Ella, sorprendida, apenas pudo articular un «hola», y cuando se repuso del shock, respondió.

—¡Desgraciado! ¡Infeliz! Hasta ahora te comunicas. Creí que estabas muerto.

—Mira, Karen —dijo Patricio azorado—. Primeramente, me disculpo por mi silencio. No fui honesto contigo. Soy casado y tengo dos hijas. Ellas viven aquí, en Miami.

—¡Te voy a matar cuando te vea! —gritó Karen histérica.

—Lo siento. No regresaré a Ecuador. Sigue adelante con tu vida. Te deseo buena suerte.

—¡Estoy embarazada!

Patricio había colgado. Karen llamó algunas veces sin éxito. Devastada por la noticia se recostó para no caer. Le temblaban las piernas. Luego de sobreponerse al impacto que le causó esa llamada, se sirvió un vaso de vino tinto, a pesar de que no podía hacerlo por su estado de gravidez. Karen se había hecho muchas ilusiones con Patricio y ahora su castillo de naipes se venía abajo. Estaba lamentándose, cuando recibió la llamada de Marcelo Méndez.

—Hola Karen, ¿cómo estás?

Karen, sorprendida, no quiso contar una historia triste, así que respondió.

—Muy bien, Marcelo. Qué gusto escucharte —dijo con entusiasmo.

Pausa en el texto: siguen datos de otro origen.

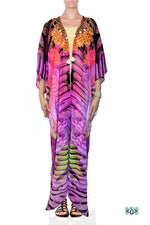 NATURE MORTE Purple Feathers Printed Devarshy Long Georgette Kimono Jacket - 1075B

—No he podido llamarte porque estuve de viaje. Ahora que regresé quisiera salir contigo a comer, luego a bailar, quizás.

—¡Excelente! ¿A qué hora me recoges?

Karen y Marcelo iniciaron una relación formal. Él nunca se enteró que Marcelito no era su hijo. Resultó ser el buen esposo que la valoraría y un abnegado padre como ella deseaba.

Karen realizó grandes cambios en su vida: dejó de depender emocionalmente de la pareja y superó sus problemas de baja autoestima acudiendo a terapia psicológica del doctor Guillermo Banderas, quien la ayudó para que su matrimonio no fracase.